I wear an 11 in Nike shoes and a 10 on Burton ruler wides


----------



## Wiredsport (Sep 16, 2009)

Newrevnorton said:


> I ride a Never Summer Proto and GNU Psych Bindings. I love my setup but I have really struggled to get my fitment right with boots. Last season, I purchased some 9.5 Nike Vapen boots. They were BRUTAL on the outside of the front of each foot. I then tried a pair of K2 Darkos for the Conda system but I had the same issue. I loved the comfort of the nikes otherwise so I grabbed a pair of Nike Vapen Boas in a 10 for this season. I was still having issues but this time it was with some slight heel lift. When I got home, I tried on the 9.5 pair again but it felt like my foot was creased from the middle toe to the heel. It honestly felt like my foot was folded in half in the toe box. I properly measured my foot per WiredSport's directions and I should probably be in a wide boot. I found a pair of Solomon Dialogue Wides in a 9.5 on clearance so I purchased them. They should arrive next week. My concern is in the length. According to the measurements, I should be in a 8.5?! I wear a 10 in Nike running shoes with space for 1 thumb print in the front. My measurements were 25.8cm length and 10.5cm width. Do you think that the Dialogues will be a solid choice? Any insight would be greatly appreciated!



Hi New,

25.8 is actually 260 Mondo or an easy size 8 in snowboard boots. Your issue is that your 105 mm width is almost EEE width. The Dialogue Wide (all Salomon Wide's) max out at E width. The Burton Ruler Wide is EEE and in size 8 they will be a treat for your feet.


----------



## Newrevnorton (Dec 30, 2015)

I am giving this a try. I cancelled the 9.5 Solomons and ordered the 2017 Dialogue Wide in a 8.5 and the Burton Ruler Wides in an 8. Ill keep everyone posted on the results. Thanks for all of the feedback.


----------



## Newrevnorton (Dec 30, 2015)

Wiredsport said:


> Hi New,
> 
> 25.8 is actually 260 Mondo or an easy size 8 in snowboard boots. Your issue is that your 105 mm width is almost EEE width. The Dialogue Wide (all Salomon Wide's) max out at E width. The Burton Ruler Wide is EEE and in size 8 they will be a treat for your feet.

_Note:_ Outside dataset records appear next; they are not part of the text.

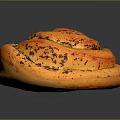 Golden Brown Swirl Baked Pastry Topped With Poppy Seeds On Dark Surface
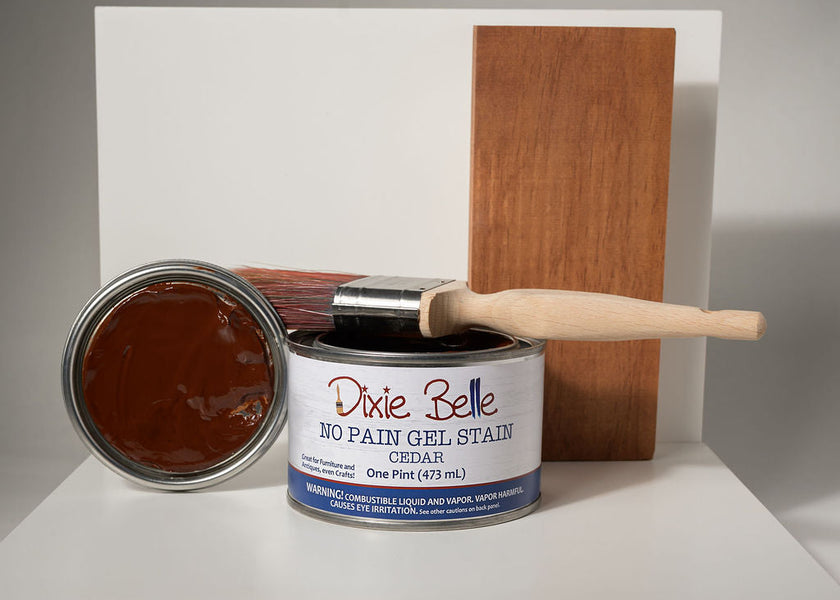Can of Dixie Belle No Pain Gel Stain with a brush and wooden board on a white background
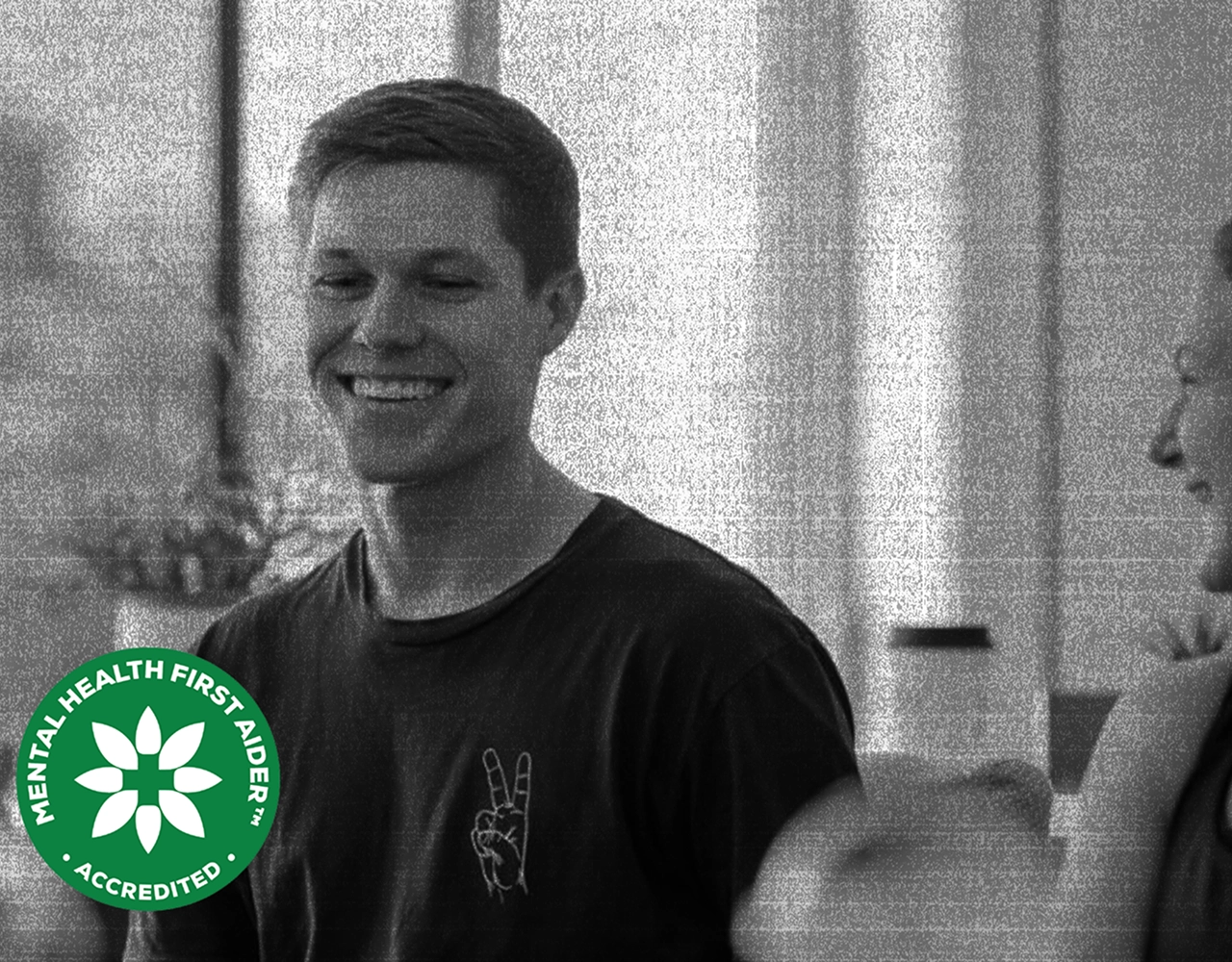 A workshop participant smiling during a session, with an accredited Mental Health First Aider badge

I did just try on a buddy's size 8 in ThirtyTwo Lashed with one season of use on them. My big toes were pushing pretty hard into the front of the boot.


----------



## Wiredsport (Sep 16, 2009)

Newrevnorton said:


> I did just try on a buddy's size 8 in ThirtyTwo Lashed with one season of use on them. My big toes were pushing pretty hard into the front of the boot.


Hi New,

Yes, with an EE width we are going to need to match both width and length to get you down to your correct Mondopoint size. The Lashed is a "normal" D width. Sadly those won't do it for you :frown:.


----------



## Newrevnorton (Dec 30, 2015)

I am skeptical about the idea of cramming into an 8 but I ordered them. I cancelled the 9.5s because I think we can all agree that I have been sizing up too much with 9.5 and 10 in the past. To be on the safe side, I ordered a pair of Burton Ruler Wide in 8.5 as well. So I am now waiting to receive Burton Ruler Wide in both 8 and 8.5. I will spend time in all of them prior to making a final decision. This is my only option since I have no pro shops around here in Middle TN. Ill post updates!


----------



## dave785 (Jan 21, 2016)

Newrevnorton said:


> I am skeptical about the idea of cramming into an 8 but I ordered them. I cancelled the 9.5s because I think we can all agree that I have been sizing up too much with 9.5 and 10 in the past. To be on the safe side, I ordered a pair of Burton Ruler Wide in 8.5 as well. So I am now waiting to receive Burton Ruler Wide in both 8 and 8.5. I will spend time in all of them prior to making a final decision. This is my only option since I have no pro shops around here in Middle TN. Ill post updates!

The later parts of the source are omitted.